Преподав в нагорной проповеди то учение, которое должно руководить жизнью людей, Христос сказал: «И так всякого, кто слушает слова мои сии и исполняет их, уподоблю мужу благоразумному, который построил дом свой на камне; и пошел дождь, и разлились реки, и подули ветры, и устремились на дом тот; и он не упал, потому что основан был на камне. А всякий, кто слушает сии слова мои и не исполняет их, уподобится человеку безрассудному, который построил дом свой на песке; и пошел дождь, и разлились реки, и подули ветры, и налегли на дом тот; и он упал, и было падение его великое» (Мф. VII, 24–27).

И вот после 18 веков пророчество совершилось. Не следуя учению Христа вообще и проявлению его в общественной жизни непротивлением злу, люди невольно пришли к тому положению неизбежности погибели, которое обещано Христом тем, которые не последуют его учению.

* * *

Люди часто думают, что вопрос о противлении или непротивлении злу насилием есть вопрос придуманный, вопрос, который можно обойти. А между тем это – вопрос, самою жизнью поставленный перед всеми людьми и перед всяким мыслящим человеком и неизбежно требующий своего разрешения. Вопрос этот для людей в их общественной жизни с тех пор, как проповедано христианское учение, есть, то же, что для путешественника вопрос о том, по какой из двух дорог идти, когда он приходит к разветвлению того пути, по которому шел. Идти надо, и нельзя сказать: не буду думать и буду идти, как шел прежде. Прежде была одна дорога, а теперь стало две, и нельзя идти, как шел прежде, а неизбежно выбрать одну из двух.

Так точно и нельзя сказать с тех пор, как учение Христа стало известно людям: буду жить, как я жил прежде, не решая вопроса о противлении или непротивлении злу насилием.
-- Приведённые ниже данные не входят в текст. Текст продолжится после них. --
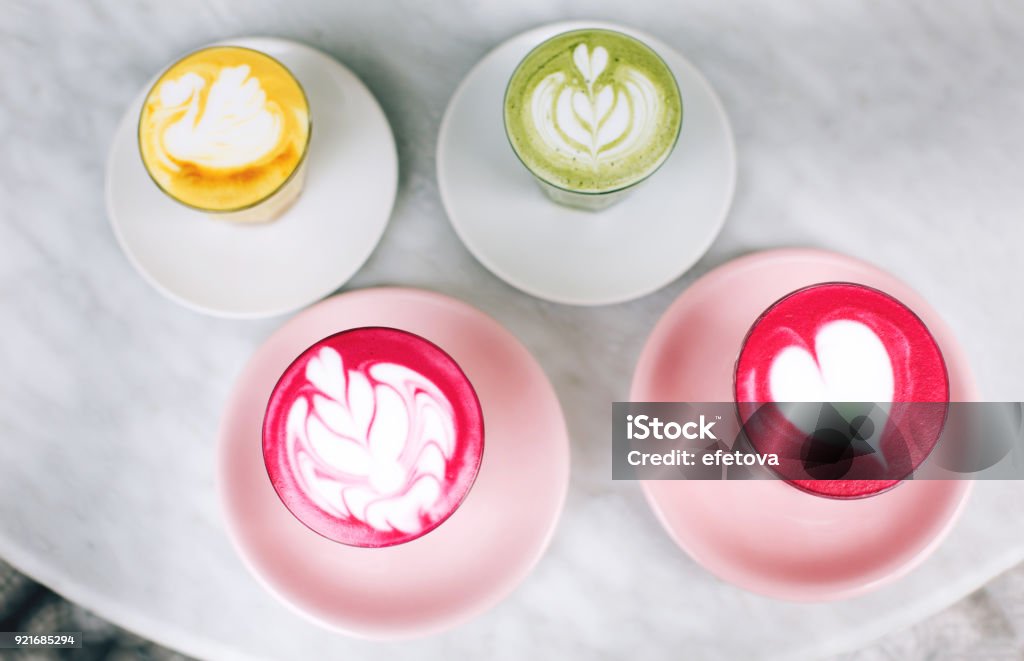 Two beetroot lattes Trendy multicolored lattes. Beetroot, avocado and turmeric tastes with latte art and flower petals on foam. Latte Stock Photo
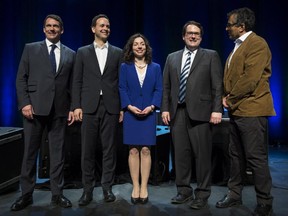 PQ leadership candidates Pierre Karl Péladeau, Alexandre Cloutier, Martine Ouellet, Bernard Drainville and Pierre Céré, left to right, pose for a photograph following the first leadership debate Wednesday, March 11, 2015 in Trois-Rivières, Que.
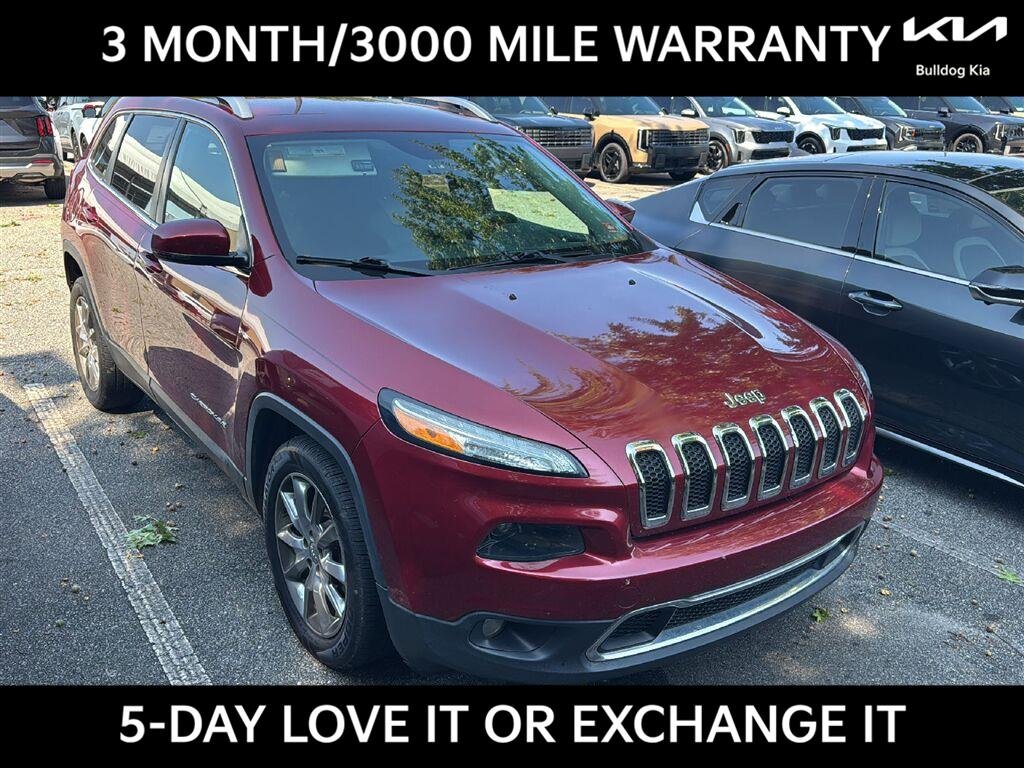 Used 2014 Deep Cherry Red Crystal Pearlcoat Jeep Limited image 1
Надо неизбежно при возникновении каждой борьбы решить: противиться или не противиться насилием тому, что я считаю злом, насилием.
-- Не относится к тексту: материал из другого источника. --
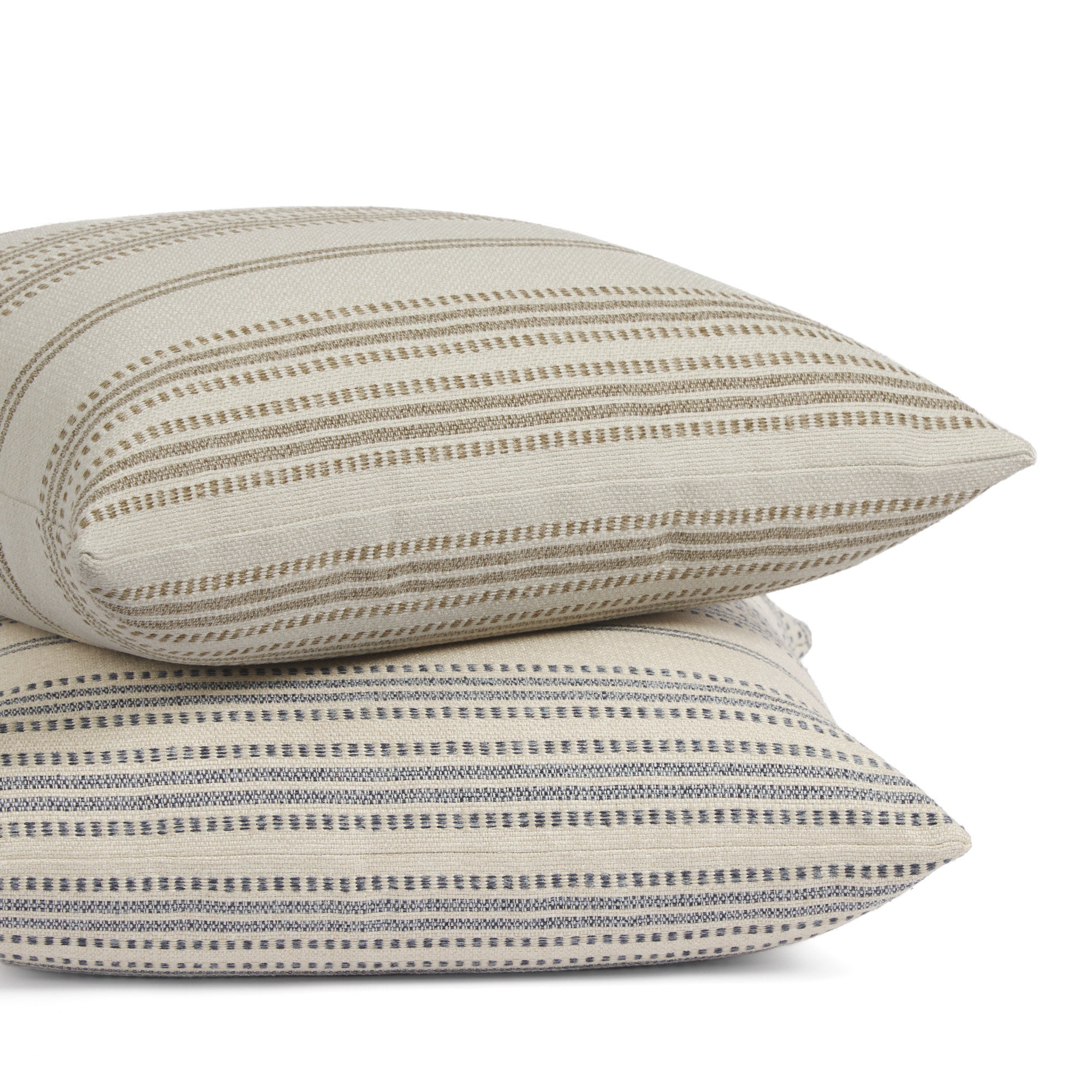 Tonic Living Hopper Stripe throw pillows in Denim and Toffee stacked together, featuring layered stripe designs in blue and brown tones.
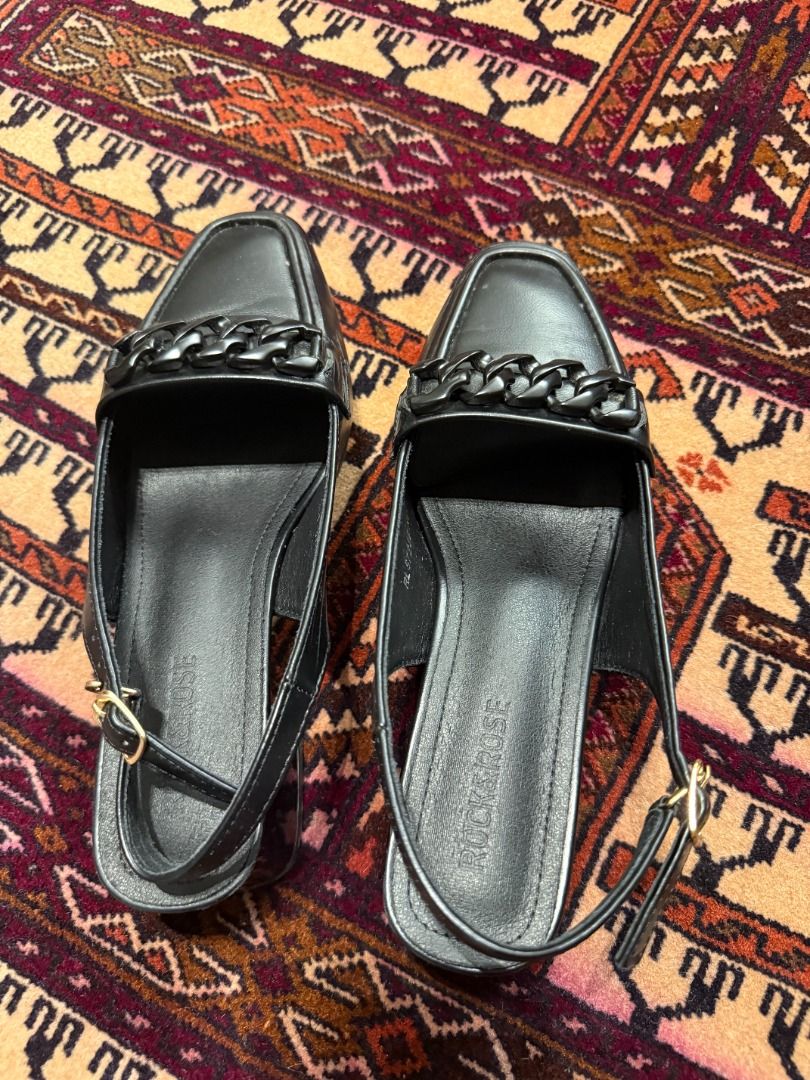 ROCK & ROSE Black Chain Slingback Loafer Heels (37 / Orig ₱1,499) (Category: Loafers) located in Makati City. Submitted by fpled (Listing ID 1460680718, Image 1). Description: ✨ ROCK & ROSE "ROLLY" BLACK CHAIN SLINGBACK LOAFER HEELS ✨ • Size US 6.5–7 • Landmark Original Tag Included (Retail: ₱1,499) Rock & Rose slingback loafer heels!--Designed with a modern structured square toe, a sturdy low block heel (~1.5) for all-day walking comfort, and an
Вопрос о противлении или непротивлении злу насилием возник тогда, когда появилась первая борьба между людьми, так как всякая борьба есть не что иное, как противление насилием тому, что каждый из борющихся считает злом. Но люди до Христа не видали того, что противление насилием тому, что каждый считает злом, только потому, что он считает злом то, что другой считает добром, есть только один из способов разрешения борьбы, а что другой способ состоит в том, чтобы вовсе не противиться злу насилием.

До учения Христа людям представлялось, что есть только один способ разрешения борьбы посредством противления злу насилием, и так и поступали, стараясь при этом каждый из борющихся убедить себя и других в том, что то, что каждый считает злом, и есть действительное, абсолютное зло.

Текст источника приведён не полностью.